Kolase Tribun Jabar (Tribunnews.com dan Kompas.com)
Buntut Perseteruan Wiranto & Kivlan Zen Soal Dalang Kerusuhan 1998 

SURYA.co.id - Perseteruan antara Mayor Jenderal (Purn) Kivlan Zen dan Menko Polhukam, Wiranto berujung saling menantang.

Wiranto menantang Kivlan Zen dan calon presiden nomor urut 02 Prabowo Subianto, yang saat itu menjabat Panglima Kostrad untuk sumpah pocong

Tak lama kemudian, Kivlan Zen menolak tantangan itu. Kivlan justru menantang balik Wiranto untuk debat terbuka di televisi.
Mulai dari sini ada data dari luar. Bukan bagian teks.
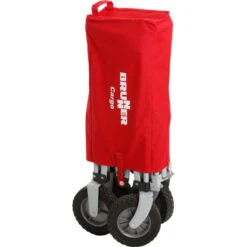Carrello Brunner Cargo -Lafum Campeggio Negozio carrello cargo brunner 2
"Kalau memang Wiranto berani, kita berdebat saja di Kompas TV. Saya akan bawa data-data dan saksi yang menunjukkan Wiranto sebagai dalang kerusuhan," kata Kivlan, saat dihubungi Kompas.com, Rabu (27/2/2019).
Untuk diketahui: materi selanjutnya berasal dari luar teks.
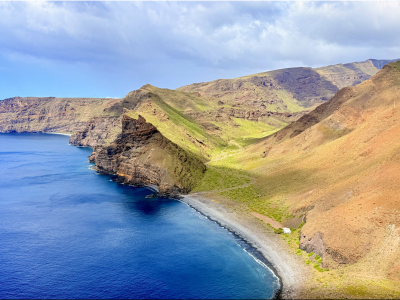 RB64-La Gomera (Canaries)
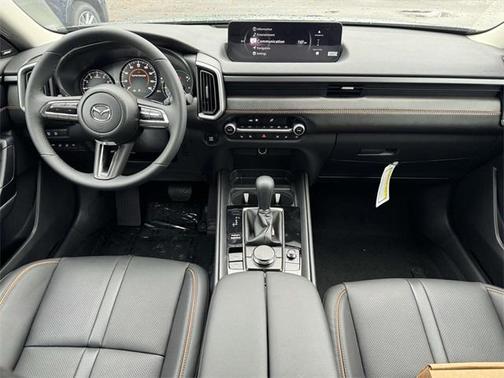 2026 Mazda CX-50 2.5 S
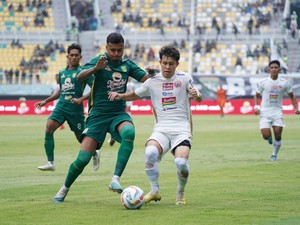 Jadwal Liga 1 Hari Ini: Ada Persija Vs Persebaya Malam Ini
"Saya tidak mau sumpah pocong, itu kan sumpah setan. Tidak sesuai koridor hukum. Kalau mau kita berdebat saja di semua media TV di Indonesia," ujar dia.

Namun, Wiranto tidak mau lagi membahas soal tantangan sumpah pocong yang dia layangkan kepada Mayor Jenderal (Purn) Kivlan Zen.

Hal itu disampaikan Wiranto ketika ditanya soal Kivlan yang menantang balik dirinya untuk berdebat di televisi.

"Sudah cukup saya komentari itu, kita pemilu gini. Semua sedang konsentrasi ke bangsa, bukan ke urusan-urusan seperti ini," ujar Wiranto seusai menghadiri Laporan Tahunan 2018 Mahkamah Agung, di Jakarta Convention Center, Jakarta, Rabu (27/2/2019).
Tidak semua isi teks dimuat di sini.